These results are far more precise than the previous ones. It is basically because of treating first and second query differently and because of leaving all kinds of nsswitch-unrelated system overhead aside. As far as I'm concerned, this testing method is quite suitable for nsswitch performance testing.
While showing excellent results with caching enabled for "services" database, this test shows the ugly truth - it's nearly impossible to beat BDB query time with cached query time. And, though, easily explainable, this fact makes using cached for local sources questionable (not impossible, though). BDB and cached's response times are comparable - and, as we are dealing with with such lengths as 100-200 microseconds, using cached instead of BDB won't affect the system performance much. And though, BDB is obviously the fastest solution, caching daemon can allow to perform checks on local files to update cache if they are changed (with all precautions of not flushing the old data if something is wrong with the updated file), it is more lightweight solution, that does not require BDB in tree. But, once again, if the speed is the main and only concern, than BDB is the choice.
What's been optimized
After analysing the performance measurements, I've found 3 cached's parts that could be possibly optimized:
- Socket IO
- Multithreading drawbacks
- Lack of precaching
Items 1 and 2 appeared to be closely connected, as the major drawback is caused by using one kqueue among several threads. The actual drawback is proportional to the number of threads. Simple and straight-forward, but probably the only one, solution is to have own kqueue for each thread. This eliminates the problem. However, this causes an issue - if the thread hangs (which is possible when "perform-actual-lookups" mode is turned on), then all the requests, that it had started to receive would be abandoned. However, this issue is very seldom, so the #ifdef-ed solution was committed to perforce.
Socket IO optimizations appeared very hard to be done without major changes of the cached's architecture. And, most of the socket IO - related calls have normal execution time, which however is much longer than BDB-related calls time. Because of these 2 reasons, I didn't change anything significant in socket IO part.
Precaching can be very useful for such databases as "services" when "perform-actual-lookups" method is on. If we precache data on startup, all queries to the cached would be read-request-search-read-response queries. And this type of queries is the fastest one in cached. It has no overhead of writing to cache, or of performing the nsdispatch() lookup. So the "precache [cachename] [yes|no]" feature was implemented and submitted.

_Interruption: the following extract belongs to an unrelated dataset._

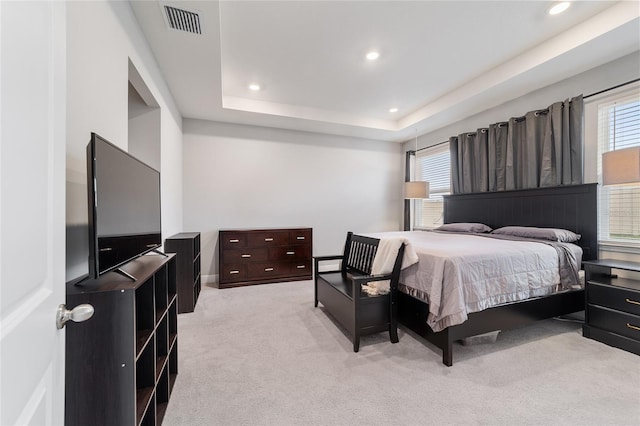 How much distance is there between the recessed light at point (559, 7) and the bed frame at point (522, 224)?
1728mm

Futher tasks that can definitely help in estimation of cached and nsswitch performance are:
- Collect a statistics of how often different nsswitch functions are called on a typical standard-load system.
- Make performance measurements more precise, use more iterations.
- Include the internals of the nsdispatch (such as nss_common_cached_read()) in the performance measurements and estimate their performance too. This had actually been done while analysing the cached performance, but the code needs to be much cleaner.